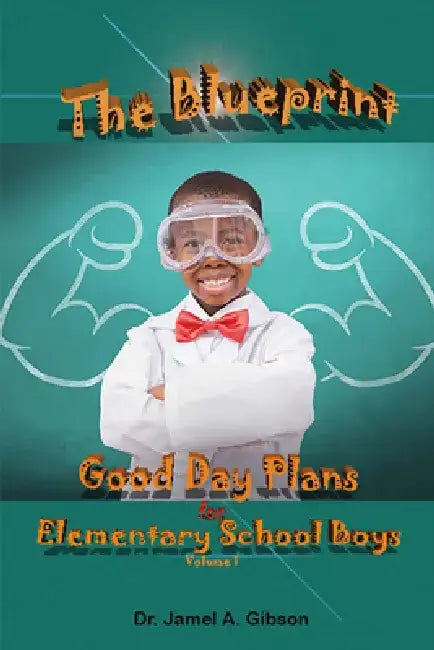 The Blueprint Good Day Plans for Elementary School Boys by Jamel Gibson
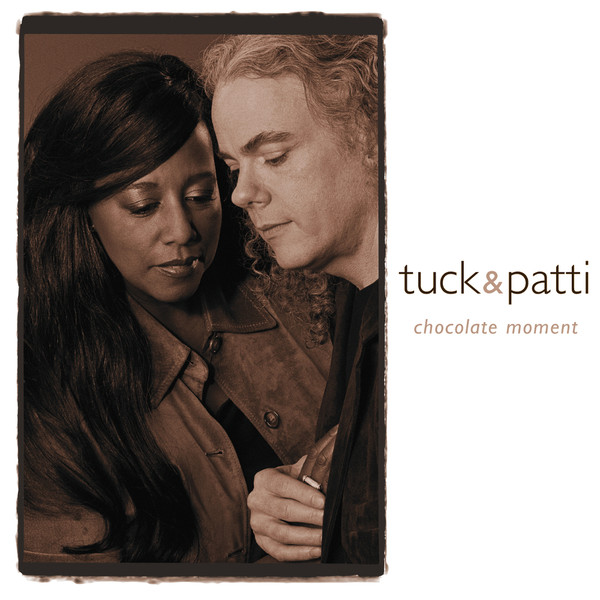 Tuck & Patti: Chocolate Moment (1 CD)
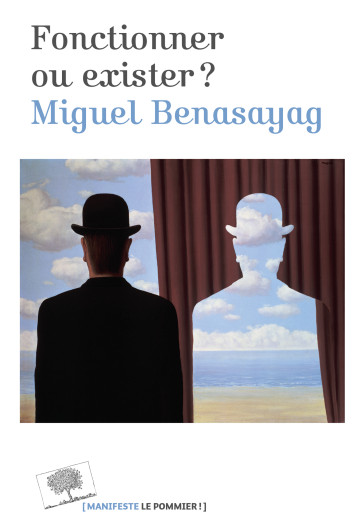 Fonctionner ou exister ? - Miguel Benasayag - POMMIER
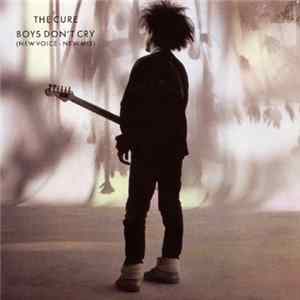 The Cure - Boys Don't Cry (New Voice • New Mix) FLAC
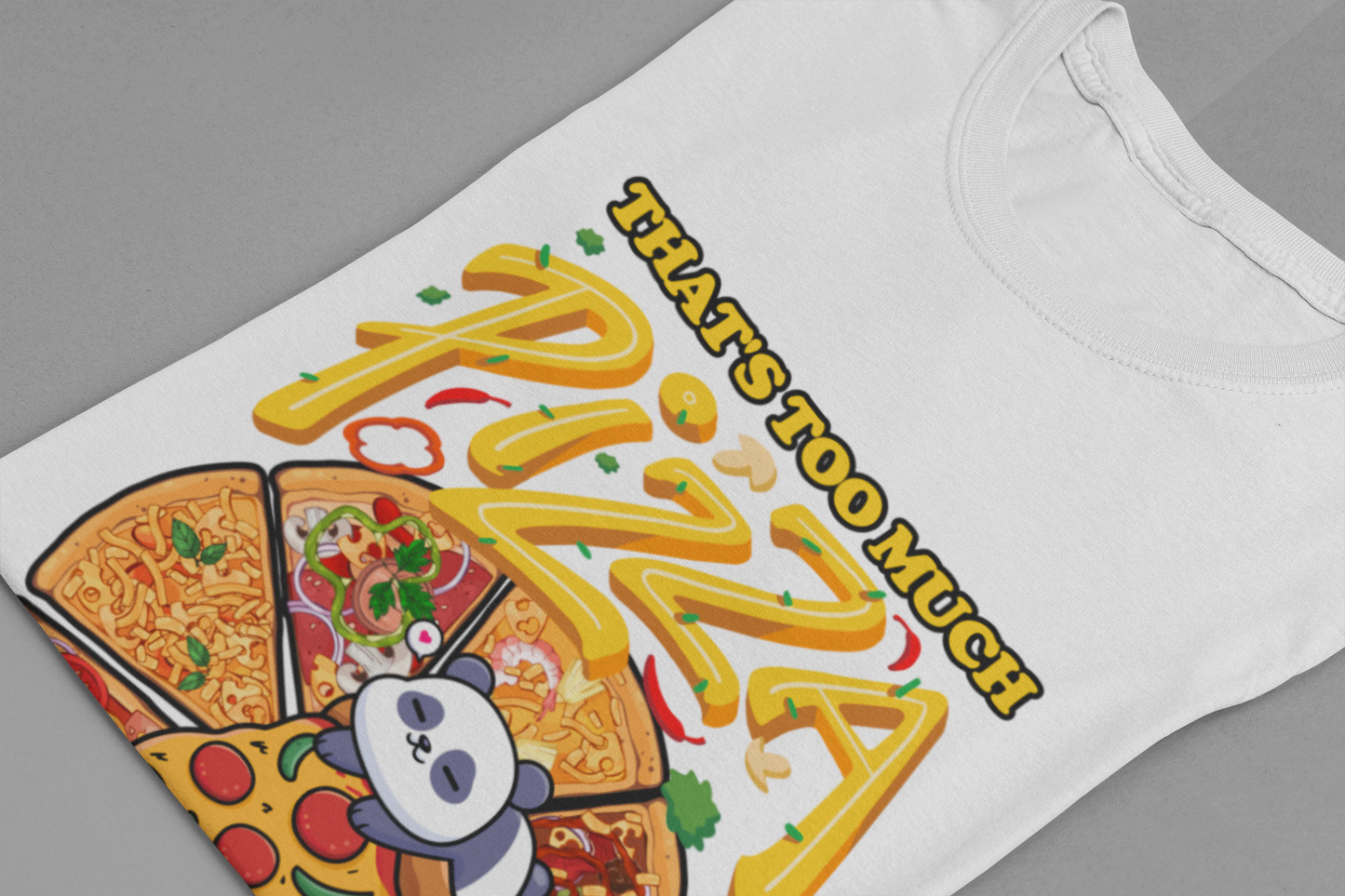 That’s Too Much Pizza Said No One Ever T-Shirt – Adorable Baby Panda and Pizza Slices Graphic Tee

━━━━━━━━━━━━━━━━━━━━

(What the exercise asks) Without the pictures, copy out all the records above exactly.

(Result for this exercise)
 The Blueprint Good Day Plans for Elementary School Boys by Jamel Gibson
 Tuck & Patti: Chocolate Moment (1 CD)
 Fonctionner ou exister ? - Miguel Benasayag - POMMIER
 The Cure - Boys Don't Cry (New Voice • New Mix) FLAC
 That’s Too Much Pizza Said No One Ever T-Shirt – Adorable Baby Panda and Pizza Slices Graphic Tee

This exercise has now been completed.